Learn a model on other sensors: $ C_t^{S} \sim h(T_{t}^{S}, \cdots, T_{t - 6}^{S}, H_{t}^{S}, \cdots, H_{t - 6}^{S})$, where $S$ is the cluster of sensors experiencing similar conditions like ZSBN.

Apply the model on ZSBN to see if the drift has been removed: $\hat{C}_t^{ZSBN} = h(T_{t}^{ZSBN}, \cdots, T_{t - 6}^{ZSBN}, H_{t}^{ZSBN}, \cdots, H_{t - 6}^{ZSBN})$


f) **5/35** Redo the question e) with [statsmodels](https://www.statsmodels.org/stable/index.html), a moudle for statistical models with an extensive list of result statistics. Build the linear regression model with statsmodels and examine the result statistics; keep features whose p-value are strictly less than 0.05 and build a new model. Plot and compare the actual CO2 measurements, the values obtained by the prediction of the new model for the entire month of October. Discuss your findings.

__Note__: This introduciton page of [Linear Regression](https://www.statsmodels.org/stable/regression.html) may be helpful to you.

g) **10/35** In this question, we will use __Bayesian Structural Time Serie Modelling__ to reconstruct counterfactual values, that is, what the CO2 measurements of the faulty sensor should have been, had the malfunction not happened on October 21.  We will use the information of provided by similar sensors (the ones you identified in the previous question), together with the covariates associated with the faulty sensors that were not affected by the malfunction (such as temperature and humidity).

To answer this question, you can choose between a Python port of the CausalImpact package (such as https://github.com/dafiti/causalimpact) or the original R version (https://google.github.io/CausalImpact/CausalImpact.html) that you can run in your notebook via an R kernel (https://github.com/IRkernel/IRkernel).

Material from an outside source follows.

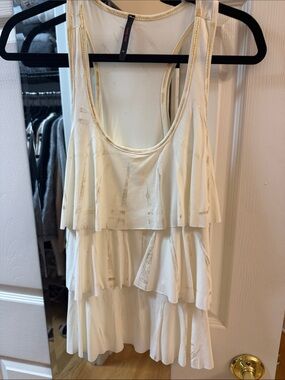 Ivory Tiered Ruffle Tank Top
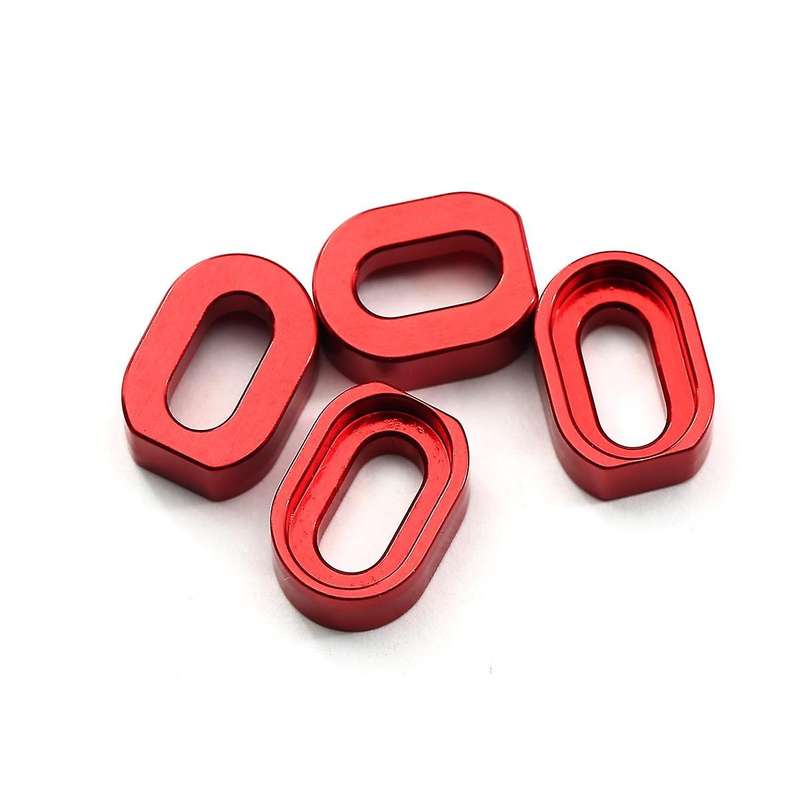 Aluminum Alloy Fixing Motor Base Reinforcement with Screws Kit for 1/5 6S Accessories Red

Before you start, watch first the [presentation](https://www.youtube.com/watch?v=GTgZfCltMm8) given by Kay Brodersen (one of the creators of the causal impact implementation in R), and this introductory [ipython notebook](http://nbviewer.jupyter.org/github/dafiti/causalimpact/blob/master/examples/getting_started.ipynb) with examples of how to use the python package.


Is the counterfactual reconstruction of CO2 measurements significantly different from the observed measurements?

h) **Bonus (5):** Remove the drift with an advanced machine learning model of your choice. Discuss the results.